Comme souvent Rimini s’efforce de rattraper les manques, proposant le film avec un joli fourreau cartonné et trois disques : le bluray, le DVD et un second DVD entièrement consacré aux suppléments. Des items inédits et confectionnés maison qui permettent en premier lieu de retrouver Jean-Baptiste Thoret pour un retour sur la vague et les origines de la blacksploitation et surtout une analyse très complète du film en question. De son appartenance au pur polar des 70’s, ses thématiques sociétales, sa noirceur, son esthétique brute… Le propos est comme toujours passionnant et éclairant. Il est en partie complété par l’intervention de Samuel Blumenfeld qui s’intéresse un peu plus pour sa part à la peinture du New York de l’époque et son réalisme presque documentaire.

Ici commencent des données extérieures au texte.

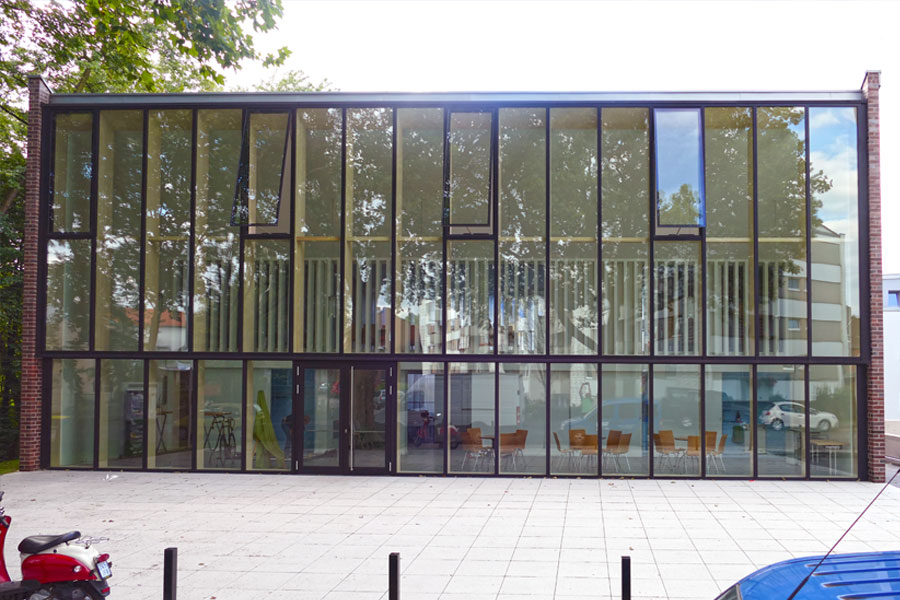 holzbauweise-glas-aluminium-anbau.jpg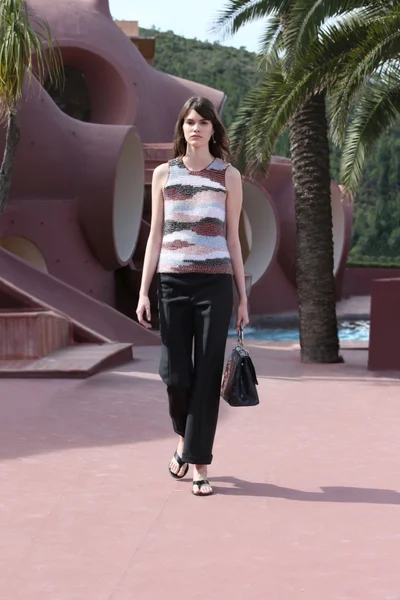 Look 33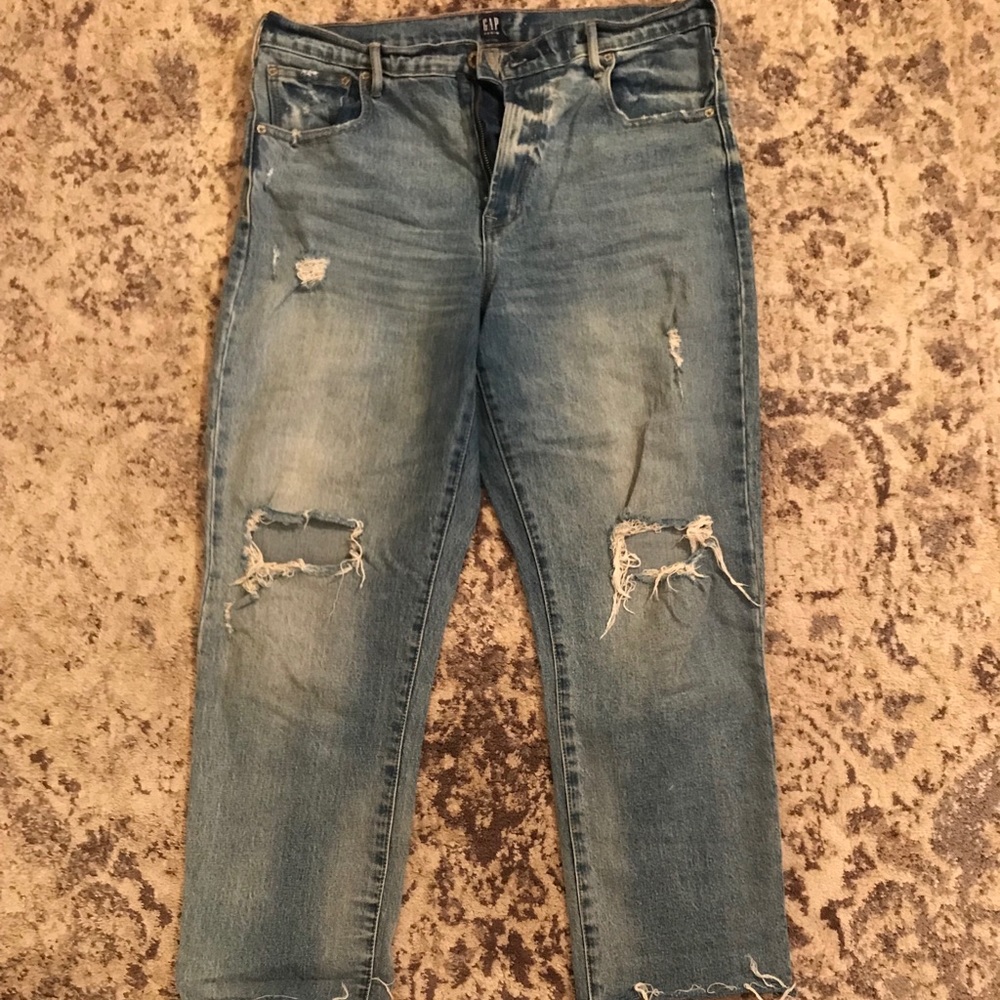 Wide straight leg ripped jeans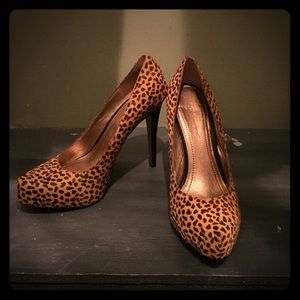 BCBG  4in Animal print heels!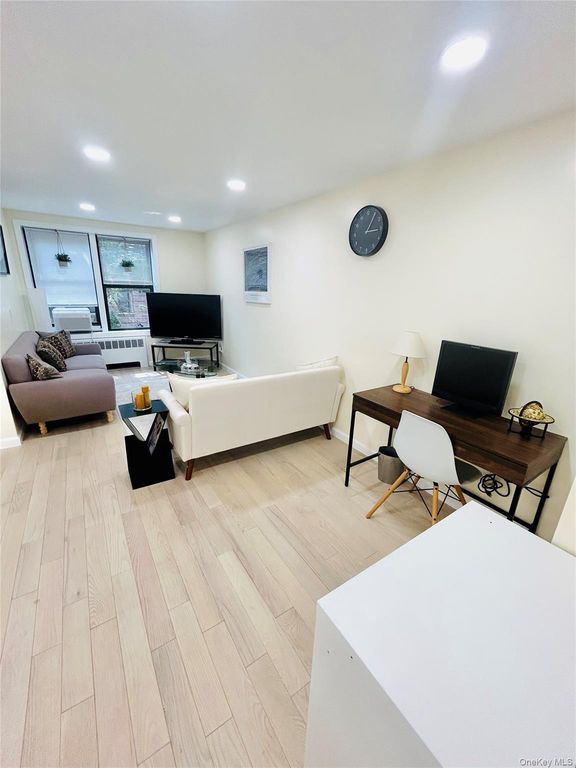 72-11 110 Street D, Forest Hills, NY 11375 — photo 2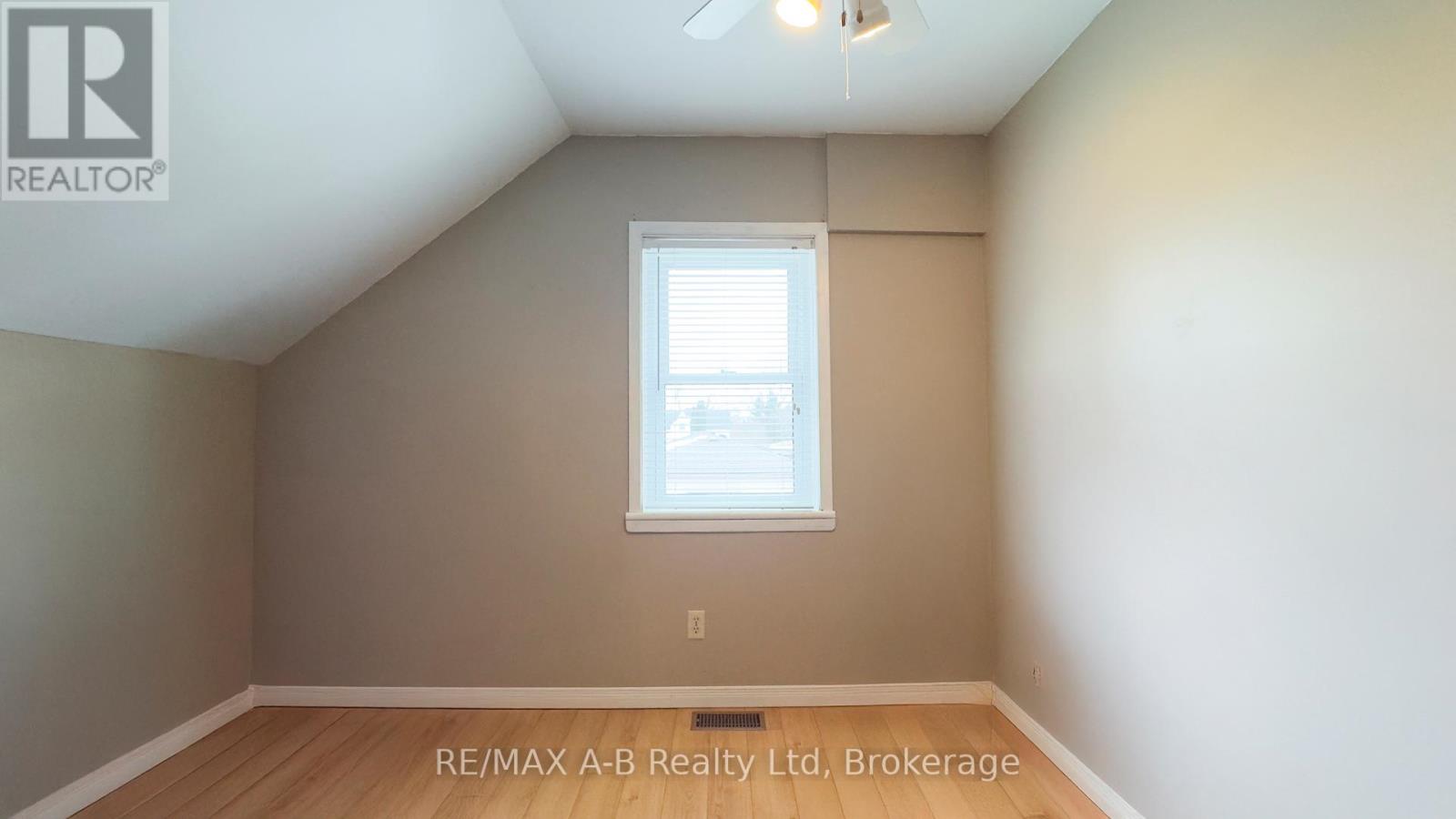 130 Quebec Street, West Perth, Ontario  N0K 1N0 - Photo 27 - X12044878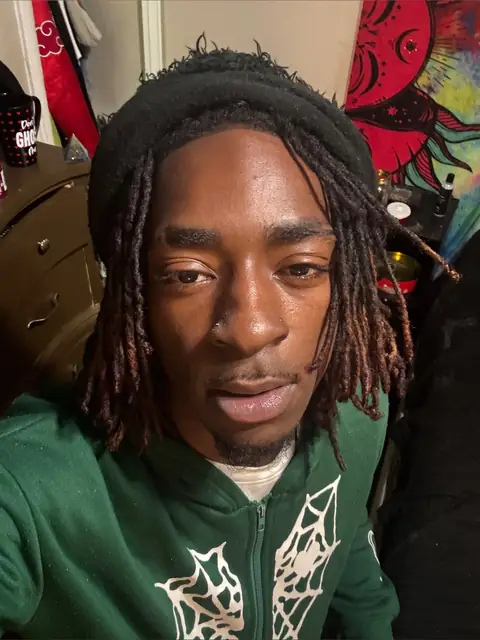 Queefgod on OnlyFans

Enfin le programme s’achève par une rencontre avec Olivier Cachin portant sur la musique du film, la chanson titre et l’impact qu’elle a eu sur le monde de la soul, puis sur la culture rap des années 80/90. Un programme assez complet donc.
Liste des bonus
« Le Nihilisme de Barry Shear » par Jean-Baptiste Thoret, réalisateur et historien du cinéma (32’), « La Blaxploitation » par Jean-Baptiste Thoret (18’), « L’Enfer de New York » par Samuel Blumenfeld, journaliste cinéma au Monde (32′), « Signé Bobby Womack » par Olivier Cachin, spécialiste des musiques urbaines (18’), Bande-annonce (3′).